More importantly, and this is never really shown in the statistics, is the quality of the saves and the importance of the saves. In 2010 MAF was known for giving up soft and poorly timed goals. To start 2011 he was also giving up the same poorly timed and soft goals. He gave up bad goals. As the season moved on he made BIG saves. He made important saves. He eliminated the back-breaking and painful goals (like the one to Gomez linked above). He made the saves that a big time goaltender needed to make. Previously he wasn’t making those (less some huge saves in the ’09 Cup run). Even though the end result was not what we had all hoped, “history stops everything.”
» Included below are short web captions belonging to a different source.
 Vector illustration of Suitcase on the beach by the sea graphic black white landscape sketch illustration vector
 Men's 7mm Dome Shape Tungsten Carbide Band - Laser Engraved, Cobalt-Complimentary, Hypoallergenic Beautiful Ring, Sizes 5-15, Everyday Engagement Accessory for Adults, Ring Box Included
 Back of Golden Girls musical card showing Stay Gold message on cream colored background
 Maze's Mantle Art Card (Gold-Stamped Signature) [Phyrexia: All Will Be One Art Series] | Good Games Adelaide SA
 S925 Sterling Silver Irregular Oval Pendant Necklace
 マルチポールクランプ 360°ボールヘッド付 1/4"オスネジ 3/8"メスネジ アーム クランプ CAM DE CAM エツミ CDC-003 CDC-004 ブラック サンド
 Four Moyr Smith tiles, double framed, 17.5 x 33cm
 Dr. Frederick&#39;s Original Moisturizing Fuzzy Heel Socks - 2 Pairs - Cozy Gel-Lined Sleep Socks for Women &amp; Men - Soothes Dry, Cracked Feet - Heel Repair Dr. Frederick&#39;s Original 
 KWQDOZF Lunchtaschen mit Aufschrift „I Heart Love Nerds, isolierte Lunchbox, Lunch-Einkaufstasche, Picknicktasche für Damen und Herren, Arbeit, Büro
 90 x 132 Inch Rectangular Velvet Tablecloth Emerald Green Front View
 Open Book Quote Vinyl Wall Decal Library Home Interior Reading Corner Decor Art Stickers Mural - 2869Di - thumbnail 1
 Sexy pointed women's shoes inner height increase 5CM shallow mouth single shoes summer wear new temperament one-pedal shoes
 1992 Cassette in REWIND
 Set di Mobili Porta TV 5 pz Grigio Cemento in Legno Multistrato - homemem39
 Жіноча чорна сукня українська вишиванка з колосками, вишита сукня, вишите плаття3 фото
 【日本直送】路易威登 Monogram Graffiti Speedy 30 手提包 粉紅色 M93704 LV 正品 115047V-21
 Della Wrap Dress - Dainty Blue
Sadly the Pens’ popgun offense was not enough to overcome Fleury playing out of his mind and allowing two goals or fewer regularly from about January onward. In December and January he only had one game where his save percentage was below .900 (12/26 vs OTT). Month by month, 29’s SV% was as follows:

October: .863

November: .931

December: .931

January: .942

February: .899

March: .916

If you are partial to seeing things in action instead of on paper (or on a computer screen), just take a look at this:

And the Shootouts. How could we ignore the shootouts? Everyone joked about the Pens going to so many shootouts as the season went on, but the goaltender is the most important part of the shootout. By record, MAF was 2nd best in the NHL in Wins in a shootout (with 8). Overall in the SO, Flower had an .842SV%, facing 38 shots and allowed only 6 goals. A truly, truly astonishing feat, considering how the modern shootout is stacked against the goaltender. And, of course, we can never forget that we got to see some of the flourish that goes into the shootout preparation. Roll that beautiful bean footage:

Overall, Flower performed statistically better at home, but had a disproportionate amount of losses (largely due to the early season) compared to road games. At home, 29 showed a .924SV% and a 2.17GAA. On the road he posted a .911SV% and 2.51GAA. In overall wins, he posted a .940%, whereas in losses he posted a .880%. The old adage of “the team that scores more goals wins,” but the goaltender plays a vital role in that bearing true. If Fleury was having a bad game, there was typically a loss attached to it. When looking at save percentage with regard to days of rest between games, Fleury showed to be much better as an active goaltender than one with substantial time between games. When playing two games back to back he averaged a .925%; with 1 day of rest he posted a .915%, but with 2 days of rest he kipped up to a .938%, but with 3 or more days off he dropped terribly to .894%.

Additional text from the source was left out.